La logique formelle est une merveille. Elle tient pour vraie une affirmation comme : Si le Groenland est en sucre candi, alors Charlemagne est le plus grand écrivain du Moyen Âge. En effet, la prémisse est fausse (le Groenland n'est pas en sucre candi). Or, si l'on suppose réalisée une prémisse fausse, on est en droit de déduire tout ce que l'on veut. Aucune de ces déductions ne pourra être contredite, puisque, pour la contredire, il faudrait une situation dans laquelle la prémisse soit réalisée et la conclusion de la déduction fausse. Comme la prémisse n'est pas vraie, on ne peut jamais avoir une telle situation.

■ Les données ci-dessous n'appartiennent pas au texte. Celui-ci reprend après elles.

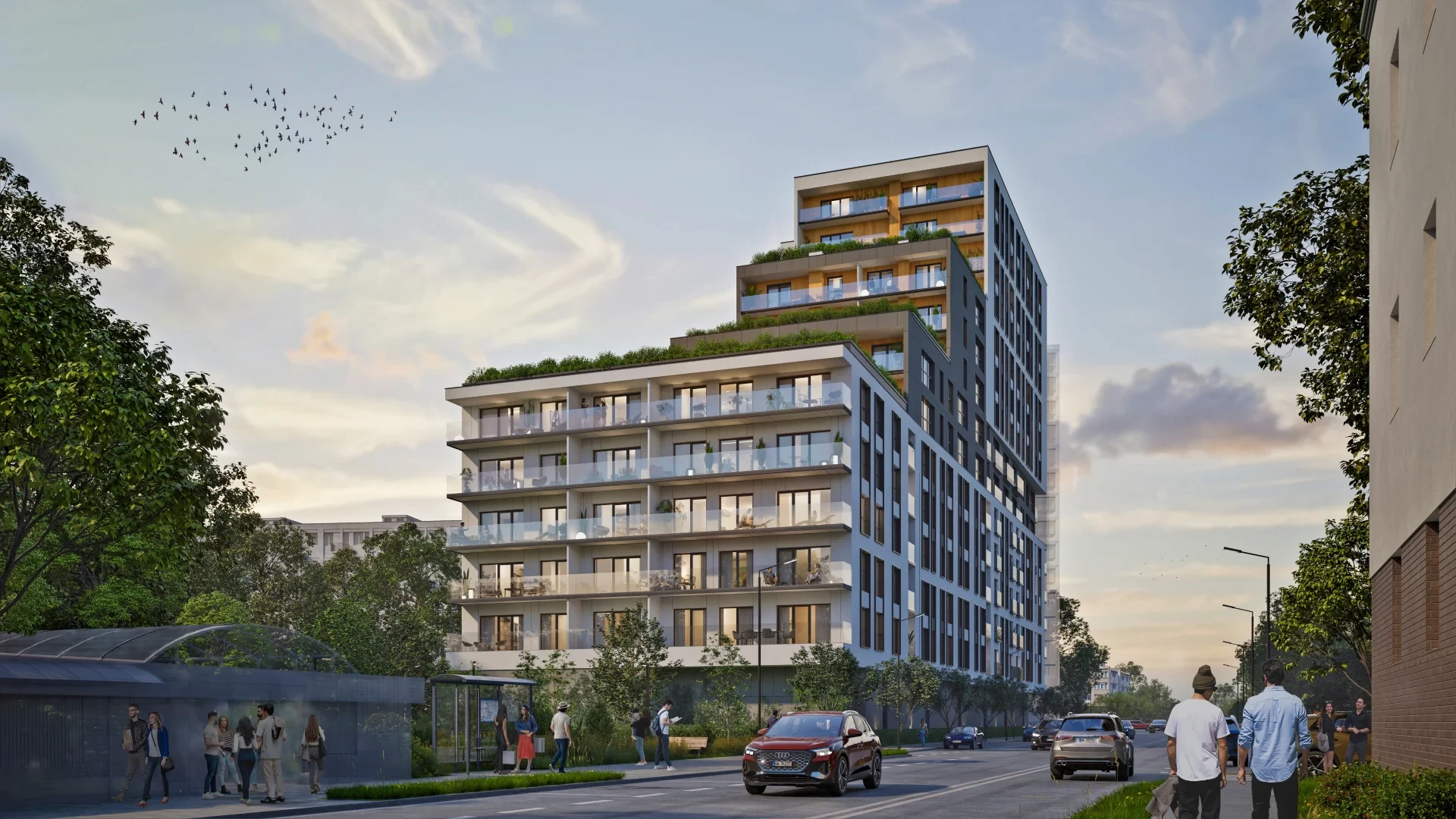 Katowicka Residence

Application pratique. Une élection est prévue au jour J. La veille au soir, paraît un sondage effectué au jour J-1, selon lequel, si l'élection avait lieu au jour J-1, Martin serait élu avec 80 pour cent des voix. L'élection se tient au jour J, et c'est Dupont qui est élu avec 80 pour cent des voix. Le sondage s'est-il trompé ?

Du point de vue de la logique formelle, non. La seule façon de mettre le sondage en contradiction avec les faits serait de constater la victoire du Dupont en tenant l'élection au jour J-1. Mais réaliser cela est impossible, puisque l'élection ne se tient pas au jour J-1 ! Le sondage dit donc vrai.

Cela a une intéressante conséquence quant à l'élection présidentielle qui occupe les esprits. Je puis affirmer que, si elle avait lieu aujourd'hui, je serai élu triomphalement. L'avenir n'a aucun moyen de me démentir.

Il est d'usage que le vainqueur d'une élection remercie ses électeurs. Qu'il me soit permis, quant à moi, de remercier la logique formelle.

Didier Nordon, Pour la science, Mars 2007.